In the following year, Scarfiotti won the Italian GT championship and the Mountain Trophy with a Zagato bodied Fiat 8V. He repeated his successes in 1956, with an OSCA 1100. He improved his outstanding driver skills, both on the track and on the mountains, and he was hired for the official Ferrari team. He achieved excellent results, with two victories: at the Sebring 12-hour race with Surtees, and at the Le Mans 24 hour, with Bandini. He came second in the Targa Florio. He came sixth in Holland, during his F1 debut. He ended the season with a very serious accident.
When the 1964 races resumed, he was still racing with the Ferrari team. He won, partnering with Vaccarella, the 1000km at Nürburgring. He wanted to prove that he wasn’t only a daddy’s boy who could afford races, and two extraordinary years came. In 1965, he won the European hill climb championship and once again the 1000km Nürburgring race with a Surtees.

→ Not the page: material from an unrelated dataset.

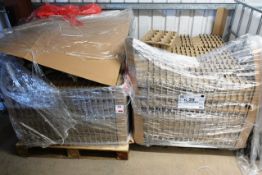 Two part pallets of cardboard bottle holders (12 per tray). This Lot is Located: Black Tor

In 1966 he won the Italian GP with the Ferrari 312, he was the first Italian to win it after Ascari’s victory in 1952.
His relationship with Ferrari was cloudy and, in autumn 1967, he signed a contract with Porsche for the hill climb championship. It was during one of these hill climb races, on the Premio Delle Alpi track in Rossfeld, that Ludovico lost control of his Porsche 910 and he ended up off the track. It was the 8th June 1968 when we lost the last great gentleman of auto sports.